To better understand the flow, you can have a look at the source code of the component: https://github.com/rs/cors/blob/master/cors.go
I would start with an allow of ["*"] for your tests, and also for input_headers and make it more restrictive. Also, as a backend, you can use temporarily a KrakenD backend (with an echo endpoint) to discard problems with the backend integration.

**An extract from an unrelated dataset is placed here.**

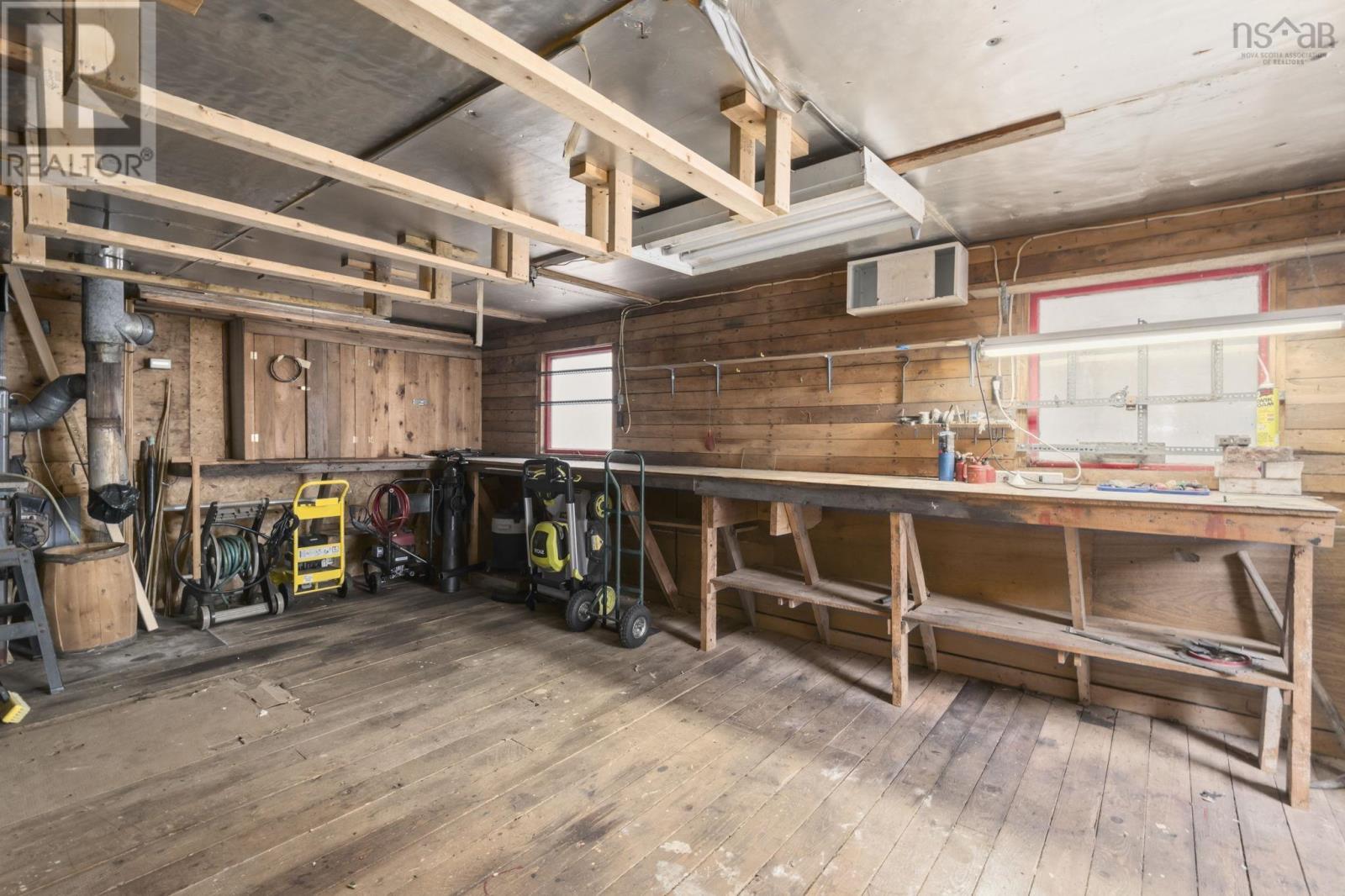 Property 36 of 46 of 54 Sunnybrae Avenue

From here, honestly, I don't know how I can offer more practical help, as you don't specify your testing process, what headers you are sending, and so on... If it's impossible to reproduce what you are doing, it isn't easy to help.
Your configuration is correct, the tests above are copy and paste of the config you pasted, replacing the 3000 port with 8080.